And yet, i ask myself: What needs to be done? I am not ready to give up. I cannot give up, in part because, well, i would consider that highly unethical.
One thing is clear: We need to wake each other up out of our collective slumber. Business, life as usual cannot continue if we want to switch to something that is ultimately sustainable. We also need to repair the damage, so we need to regenerate the soil, clean the water, restore our connections.
Every system has a leverage point that causes the system to change. What are the leverage points of this hyperindustrial supercapitalism? I am considering two candidates: Couplemania and cultural trauma, though there are more (cheap energy is another one), plus we are dealing with interlinked systems, so we probably won’t find one leverage point that will change everything.
Couplemania has not driven our behavior forever. Stephanie Coontz shows its emergence in the mid-1800 and its economic feasibility not until the 1950s. Taking a sociological look at heart-break, Eva Illouz comes to a similar conclusion: Our obsession with coupling is decidedly modern. Couplemania reinforces (at least) two things: Isolation and over-identification with the self. The sphere of connections has shrunk with couplemania – we no longer nourish friendships as much as we used to; we don’t sublet parts of our house to get additional income; and we spend lots of time inside in front of the TV. All of this combines to an increased isolation of the couple (or the nuclear family). And, as Illouz argues, our very identities are now dependent on the coupled relationship. Based on her analysis, i would argue that our focus on our self has increased quite a bit in our modern world, especially since we now have the “freedom” to create our selves (Illouz also shows convincingly that we don’t really enjoy freedom… I plan to write at least one blog post about her fascinating book!). As long as we remain obsessed with the self, we remain stuck in the delusion of separation from others.
This then is one form of cultural trauma: Culture teaches us that there is a self that we can create, sell, and manage as if it is some fixed, never changing entity. We learn all sorts of ways of maintaining this illusion, from coupling to conspicuous consumption. Other culture trauma keeps us stuck, too. Not having a job is seen as a sign of failure (not as an opportunity). Living in a small space similarly marks us as someone who hasn’t “made it.” We have internalized these messages and often remain unaware of them. They keep us stuck in the status quo, prevent us from changing.

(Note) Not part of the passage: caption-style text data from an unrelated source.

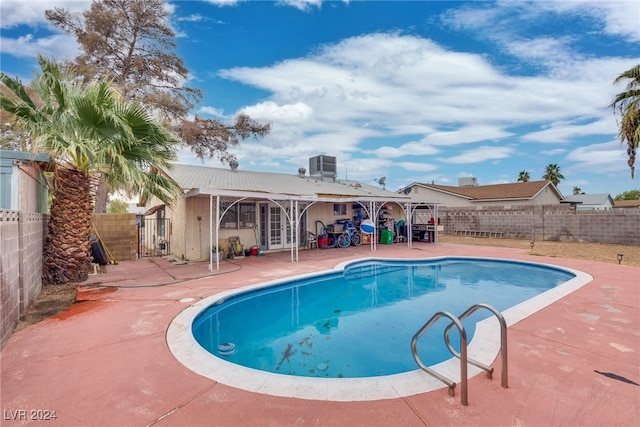 view of pool featuring cooling unit and a patio area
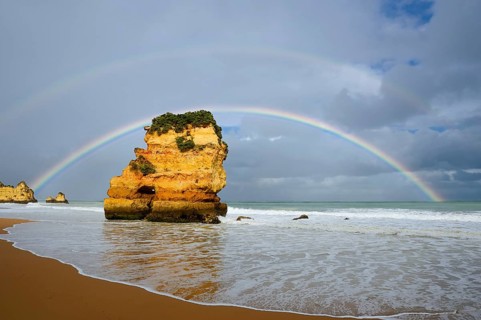 Rocks on beach with rainbow, Praia Dona Ana, Lagos, Algarve, Portugal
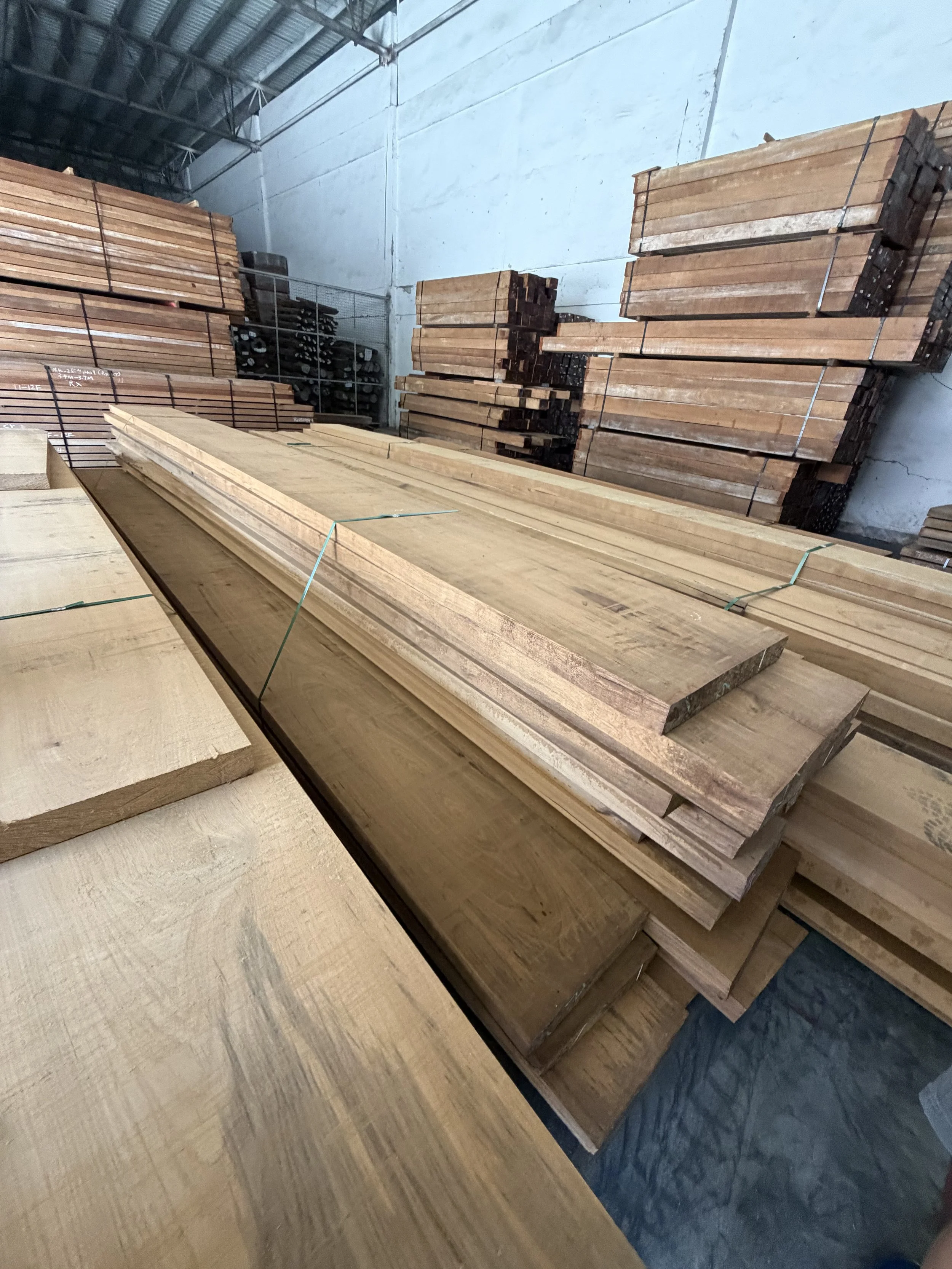 Stacks of lumber in a warehouse with wooden boards and framing materials organized on shelves and the floor.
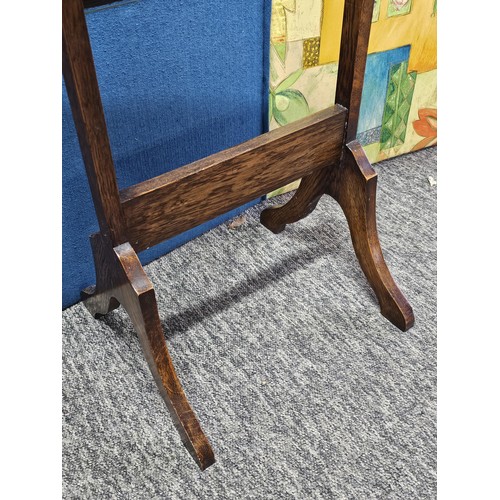 544 - A good quality vintage floor stand cheval mirror in an oak frame, with metal clips to hold the mirro... 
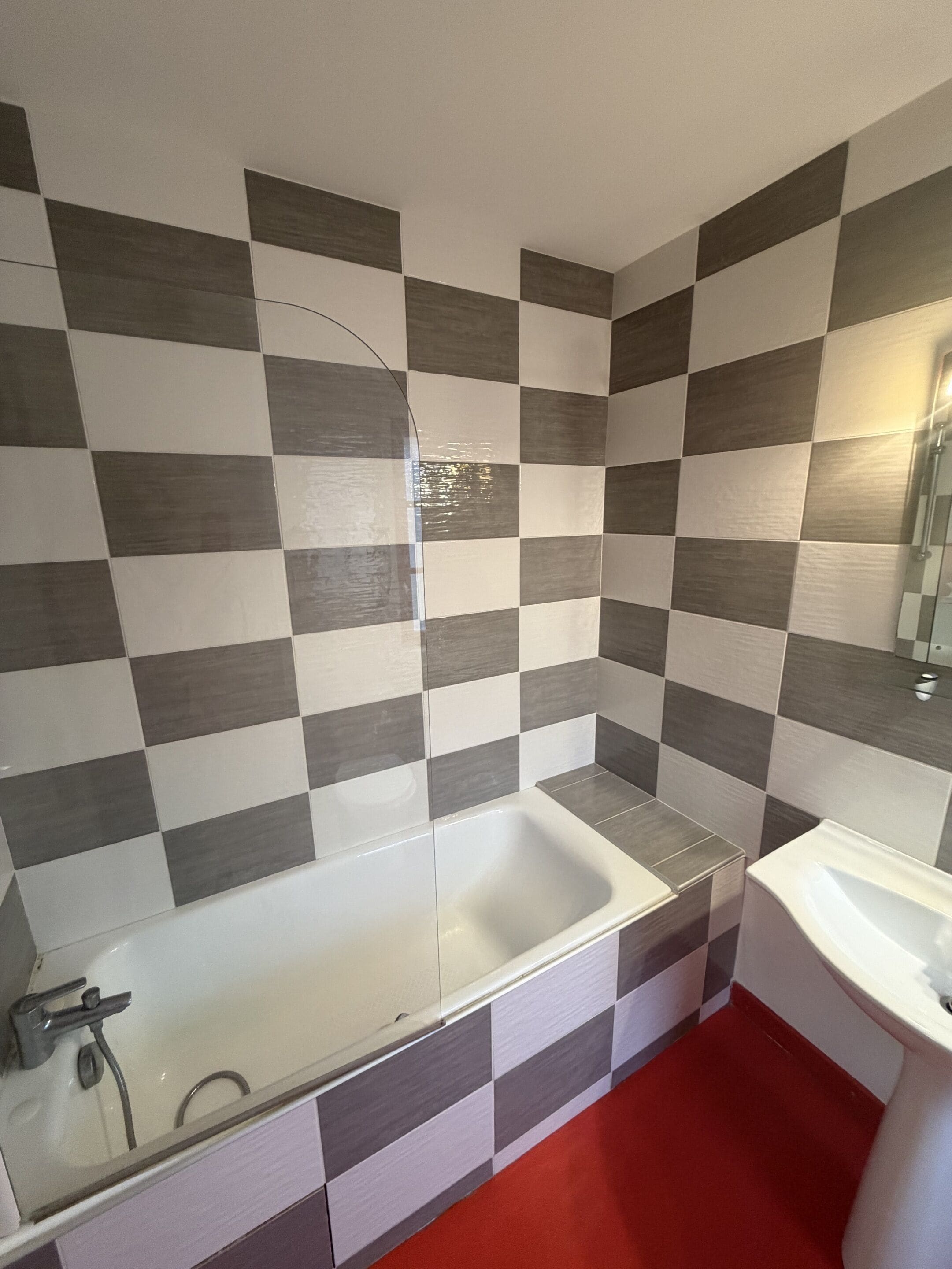 A bathroom with a checkered tile wall, a bathtub, and a sink.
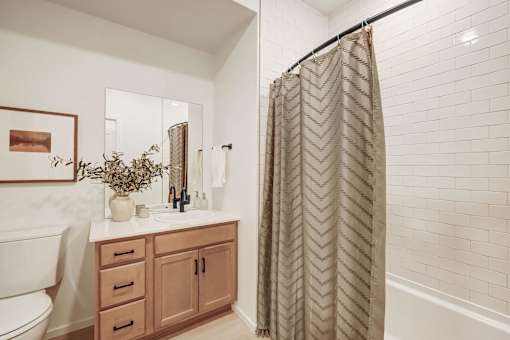 A bathroom with a white toilet, a sink with a mirror, a plant, and a shower curtain.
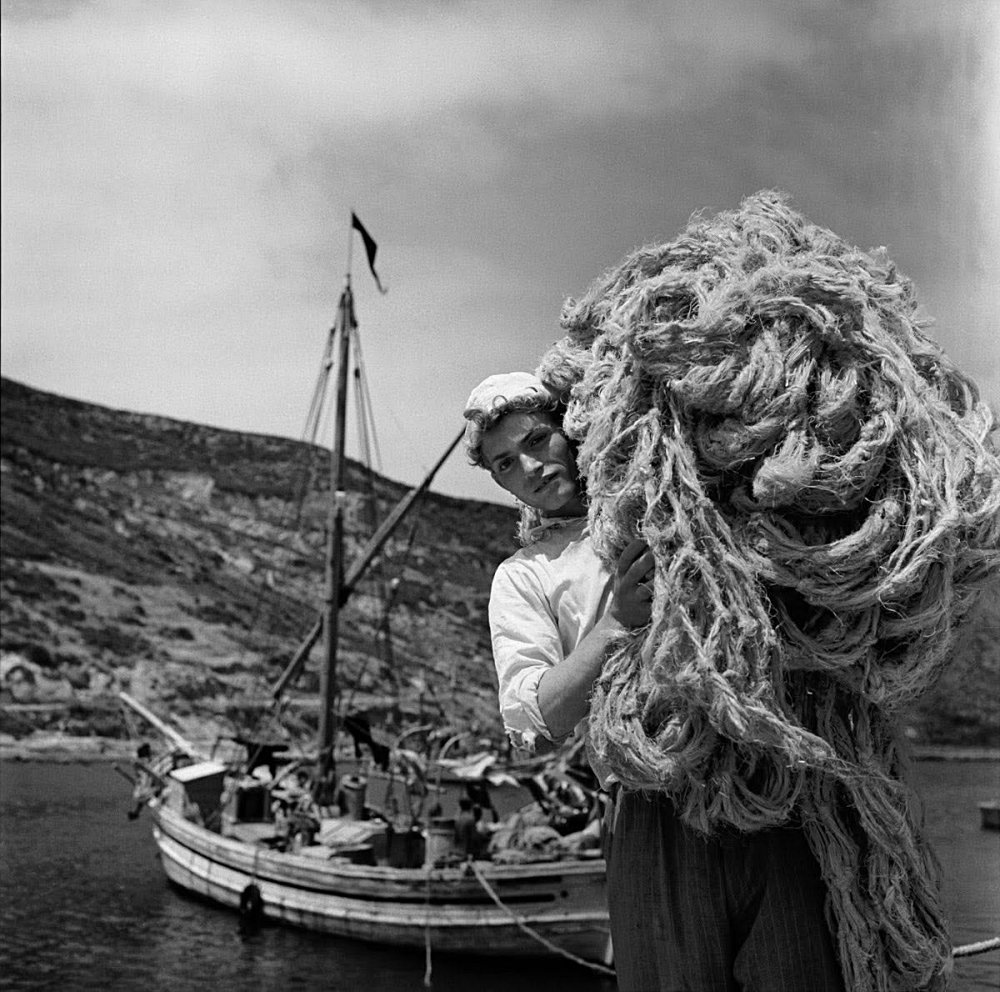 30.Un giovane pescatore che trasporta una grande quantita di corde o reti nel porto fluviale del Temo a Bosa. Sardegna 1956. Jean Dieuzaide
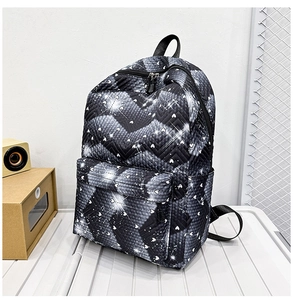Detalle de la mochila negra con diseño de rombos y estampados de estrellas y corazones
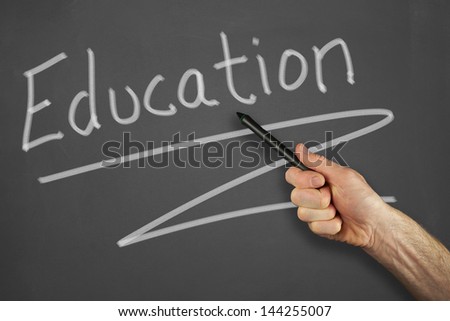 Mans hand pointing to a education message on a chalkboard.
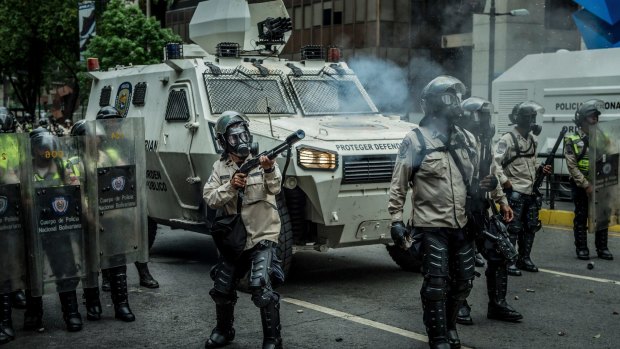 Security forces confront anti-government protesters in the Venezuelan capital.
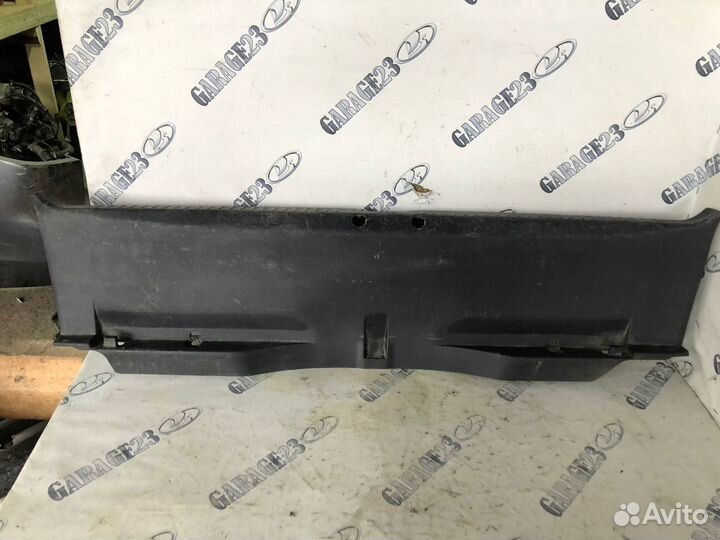 Обшивка на заднюю панель багажника Lancer 10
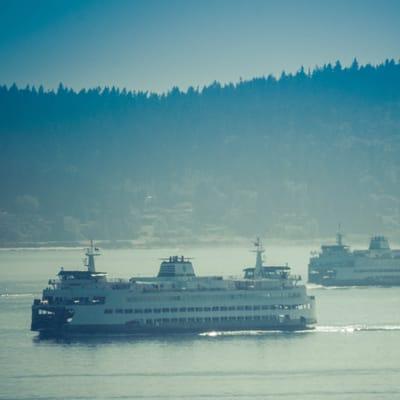 Two Washington State Ferries go across the Puget Sound.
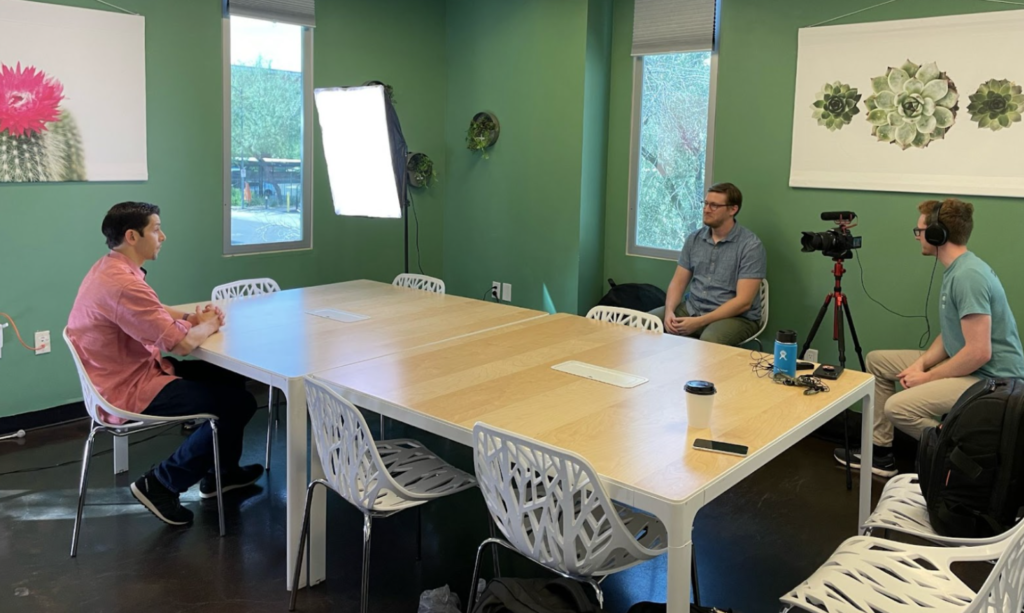 Two people interviewing one person on opposite sides of a large table with camera equipment.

Ultimately, we need to change our behavior. Well, those of us who are fully aware of how dire our situation is, need to sound the alarm in such a way that it motivates behavioral change. Fundamental changes. Not buying green. Stop buying. Not switching to driving a greener car. Stop driving. Things like that. Changing the system at its core rather than making small personal changes that ultimately ignore the larger systemic picture. And that’s where i draw a blank for i can’t even get myself to implement the changes i so long for. Since more than a year i’ve been yearning to live in community. Have i moved? No, i haven’t even moved out of overpriced San Francisco. I seem to have to reach a high pain threshold. Or maybe i need to give up hope – hope that something will magically change and things will be better ever after. And musing on hope i, too, will leave for a future post.
So, what needs to be done? Fundamental changes need to happen if we as a species can have a chance of surviving. And on a more personal level, what needs to be done? Well, i want to figure out how we can motivate ourselves to make these fundamental, systemic changes – starting with myself.